JAKARTA, Rilpolitik.com – Dewan Pengawas (Dewas) Komisi Pemberantasn Korupsi (KPK) menunda sidang etik kasus dugaan penyalahgunaan wewenang yang dilakukan Wakil Ketua KPK Nurul Ghufron. Hal itu lantaran Ghufron absen dari sidang yang sedianya digelar pada Kamis (2/5/2024).
Diketahui, Nurul Ghufron dilaporkan ke Dewas KPK terkait proses mutasi pegawai di Kementerian Pertanian (Kementan).

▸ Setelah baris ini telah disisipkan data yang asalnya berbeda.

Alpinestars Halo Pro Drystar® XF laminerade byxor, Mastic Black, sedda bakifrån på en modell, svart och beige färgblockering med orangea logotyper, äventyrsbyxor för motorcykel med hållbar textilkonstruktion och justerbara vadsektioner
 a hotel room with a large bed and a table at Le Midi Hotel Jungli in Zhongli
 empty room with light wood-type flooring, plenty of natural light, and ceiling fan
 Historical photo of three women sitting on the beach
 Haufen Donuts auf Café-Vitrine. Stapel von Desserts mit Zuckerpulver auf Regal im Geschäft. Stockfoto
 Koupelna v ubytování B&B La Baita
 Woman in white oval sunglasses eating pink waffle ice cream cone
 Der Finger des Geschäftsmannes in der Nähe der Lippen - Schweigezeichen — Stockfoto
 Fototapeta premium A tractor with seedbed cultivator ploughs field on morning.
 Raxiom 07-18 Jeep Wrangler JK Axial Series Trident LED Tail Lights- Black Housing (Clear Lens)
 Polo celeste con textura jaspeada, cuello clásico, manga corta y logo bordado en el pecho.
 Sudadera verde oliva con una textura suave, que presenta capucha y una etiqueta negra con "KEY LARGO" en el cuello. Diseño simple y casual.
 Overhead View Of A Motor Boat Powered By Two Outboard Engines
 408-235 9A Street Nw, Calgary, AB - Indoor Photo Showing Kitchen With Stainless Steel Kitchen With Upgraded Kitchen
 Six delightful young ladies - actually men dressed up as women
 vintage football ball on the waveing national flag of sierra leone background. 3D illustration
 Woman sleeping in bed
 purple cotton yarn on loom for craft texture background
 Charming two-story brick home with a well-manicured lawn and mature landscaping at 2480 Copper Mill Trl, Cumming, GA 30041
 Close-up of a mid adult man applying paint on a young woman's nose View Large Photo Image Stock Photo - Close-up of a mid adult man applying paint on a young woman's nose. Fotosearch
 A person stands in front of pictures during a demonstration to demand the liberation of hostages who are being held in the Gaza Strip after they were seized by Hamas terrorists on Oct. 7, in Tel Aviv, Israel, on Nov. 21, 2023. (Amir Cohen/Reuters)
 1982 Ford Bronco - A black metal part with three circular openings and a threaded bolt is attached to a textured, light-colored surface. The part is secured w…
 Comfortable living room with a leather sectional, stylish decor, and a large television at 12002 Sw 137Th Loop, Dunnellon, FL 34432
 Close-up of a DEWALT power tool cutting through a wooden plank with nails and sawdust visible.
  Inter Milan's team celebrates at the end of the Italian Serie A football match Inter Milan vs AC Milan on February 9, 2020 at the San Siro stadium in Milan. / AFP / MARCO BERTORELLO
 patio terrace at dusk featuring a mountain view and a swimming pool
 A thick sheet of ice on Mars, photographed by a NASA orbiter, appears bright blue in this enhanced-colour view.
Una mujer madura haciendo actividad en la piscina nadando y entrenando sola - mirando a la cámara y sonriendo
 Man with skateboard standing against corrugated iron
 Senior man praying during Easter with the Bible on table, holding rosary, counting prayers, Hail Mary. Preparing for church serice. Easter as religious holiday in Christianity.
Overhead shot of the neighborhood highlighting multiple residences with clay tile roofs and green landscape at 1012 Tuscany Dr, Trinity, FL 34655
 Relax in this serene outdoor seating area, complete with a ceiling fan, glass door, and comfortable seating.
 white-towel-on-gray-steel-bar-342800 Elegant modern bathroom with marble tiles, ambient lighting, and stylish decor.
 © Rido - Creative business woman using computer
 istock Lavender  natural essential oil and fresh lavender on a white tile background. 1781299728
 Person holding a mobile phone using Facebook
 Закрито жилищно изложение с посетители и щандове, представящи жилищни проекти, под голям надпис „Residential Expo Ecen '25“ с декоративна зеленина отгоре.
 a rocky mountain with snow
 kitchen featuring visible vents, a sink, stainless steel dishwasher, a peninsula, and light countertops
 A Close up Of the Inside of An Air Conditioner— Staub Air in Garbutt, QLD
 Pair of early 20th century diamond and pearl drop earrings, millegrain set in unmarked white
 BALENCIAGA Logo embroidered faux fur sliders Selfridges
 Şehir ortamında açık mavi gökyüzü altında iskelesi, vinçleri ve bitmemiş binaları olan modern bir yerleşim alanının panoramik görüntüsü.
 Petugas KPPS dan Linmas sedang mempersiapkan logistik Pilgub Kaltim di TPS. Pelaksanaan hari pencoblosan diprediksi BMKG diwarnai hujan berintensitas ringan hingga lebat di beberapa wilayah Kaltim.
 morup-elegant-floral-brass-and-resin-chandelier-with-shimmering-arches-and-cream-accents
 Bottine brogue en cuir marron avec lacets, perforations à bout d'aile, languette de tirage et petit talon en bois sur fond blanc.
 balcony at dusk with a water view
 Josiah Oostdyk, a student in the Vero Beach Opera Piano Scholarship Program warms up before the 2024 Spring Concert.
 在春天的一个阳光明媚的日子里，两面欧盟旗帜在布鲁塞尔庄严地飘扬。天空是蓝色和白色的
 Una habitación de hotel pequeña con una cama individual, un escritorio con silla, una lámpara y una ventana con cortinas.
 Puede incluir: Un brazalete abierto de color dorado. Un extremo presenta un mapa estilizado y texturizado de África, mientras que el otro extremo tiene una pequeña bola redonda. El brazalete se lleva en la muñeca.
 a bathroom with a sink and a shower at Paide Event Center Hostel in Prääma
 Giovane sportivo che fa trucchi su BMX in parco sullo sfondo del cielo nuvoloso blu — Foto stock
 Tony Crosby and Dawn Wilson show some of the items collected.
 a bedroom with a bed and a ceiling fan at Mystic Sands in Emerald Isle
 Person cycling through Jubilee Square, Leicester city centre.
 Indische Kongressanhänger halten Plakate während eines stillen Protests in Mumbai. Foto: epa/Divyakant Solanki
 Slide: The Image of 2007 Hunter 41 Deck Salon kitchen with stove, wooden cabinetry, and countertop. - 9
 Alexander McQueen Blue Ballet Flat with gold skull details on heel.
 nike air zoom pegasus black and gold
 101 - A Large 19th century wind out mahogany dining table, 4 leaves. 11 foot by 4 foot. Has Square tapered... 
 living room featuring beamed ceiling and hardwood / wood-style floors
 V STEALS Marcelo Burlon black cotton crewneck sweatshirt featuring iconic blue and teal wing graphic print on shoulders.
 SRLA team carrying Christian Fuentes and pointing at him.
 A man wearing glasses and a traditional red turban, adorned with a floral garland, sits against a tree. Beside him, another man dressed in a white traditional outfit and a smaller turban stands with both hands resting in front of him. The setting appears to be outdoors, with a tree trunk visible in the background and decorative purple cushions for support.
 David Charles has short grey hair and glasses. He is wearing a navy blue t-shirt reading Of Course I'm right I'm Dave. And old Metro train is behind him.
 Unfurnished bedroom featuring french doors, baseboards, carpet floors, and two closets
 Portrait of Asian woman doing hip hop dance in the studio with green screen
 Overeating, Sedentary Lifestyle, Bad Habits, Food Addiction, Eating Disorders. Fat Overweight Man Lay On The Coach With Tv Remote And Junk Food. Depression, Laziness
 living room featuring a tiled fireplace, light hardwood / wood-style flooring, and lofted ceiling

Indonesia Corruption Watch (ICW) mengecam keras ketidakhadiran Nurul Ghufron di sidang Dewas KPK. Dia menyebut Ghufron pengecut.
“Kami menilai sikap yang ditunjukkan oleh Ghufron tidak lebih dari sekadar pengecut yang tidak mampu dan tidak berani membuktikan bahwa dirinya tidak bersalah atas tuduhan pelanggaran etik yang dilakukannya,” kata peneliti ICW, Diky Anandya, kepada wartawan, Jumat (3/5/2024).
Menurut Diky, alasan Ghufron mangkir karena masih menggugat Dewas KPK ke Pengadilan Tata Usaha Negara (PTUN) tak dapat dibenarkan. Sebab, keduanya melalui proses yang berbeda.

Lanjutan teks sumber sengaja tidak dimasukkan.